Healthy Habits: Avoiding Trans Fats
Source: Cheryl Tallman and Joan Ahlers
Over the past several years, trans fats have been the subject of much research and debate. Trans fats are present in foods that contain an ingredient that is “hydrogenated.” In the 1950s food scientists created the hydrogenation process in an effort to replace expensive butter with a solid stick form of liquid vegetable oil. In the development of this process, they also found that hydrogenation improved the shelf life on products. The processed food industry embraced this discovery, because they could improve their profits by shipping larger volumes of foods to grocery stores and let them sit on the shelves longer.
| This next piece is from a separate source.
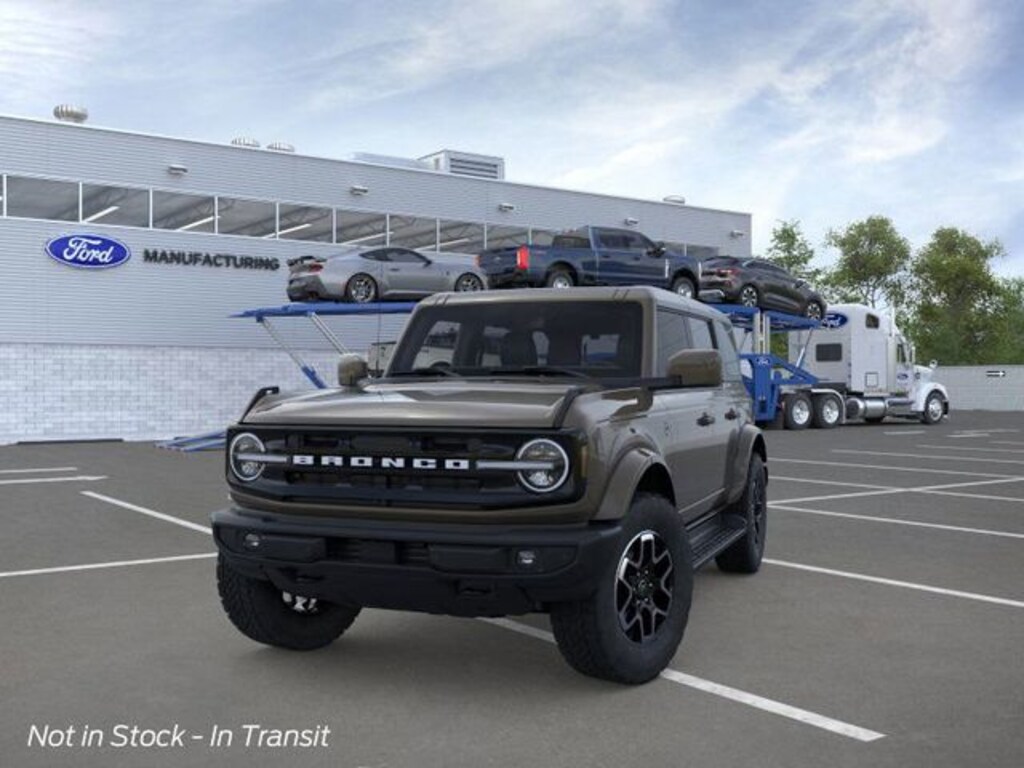 New 2026 Ford Bronco Outer Banks SUV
Hydrogenation is great for food companies but the story is different for the consumer. According the US Food and Drug and Administration, “hydrogenated” or “partially Hydrogenated” ingredients contain trans fats. After many years of research, trans fats have been linked to raising LDL cholesterol levels (the bad kind) and lowering HDL cholesterol levels (the good kind). Trans fats are also linked to increased risk of cardiovascular disease and some cancers.
Up until January 2006, avoiding trans fats has required “reading the fine print list of ingredients” on labels. Fortunately, for consumers, the FDA is making it easier for us to identify culprit foods. As of January 2006 all foods containing trans fats must be properly labeled to notify consumers.
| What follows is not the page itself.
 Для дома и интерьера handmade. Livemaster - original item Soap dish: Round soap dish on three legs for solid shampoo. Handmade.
This labeling makes it much easier for the consumers, but there is one thing you need to know. An item that advertises “Contains 0 trans fats” may be misleading. The FDA allows food companies to use this claim if there a small amount trans fats. If you wish to avoid trans fats entirely, stay away from all foods that contain “shortening” or “hydrogenated” or “partially hydrogenated” oils as an ingredient.
Cheryl Tallman and Joan Ahlers are
sisters, the mothers of five children and founders of Fresh Baby. Visit
them at www.freshbaby.com and subscribe to their Fresh Ideas
newsletter. Fresh Baby Baby Food Kits and other products are available
at many fine specialty stores and national chains including Target,
Wild Oats, and Whole Foods Markets.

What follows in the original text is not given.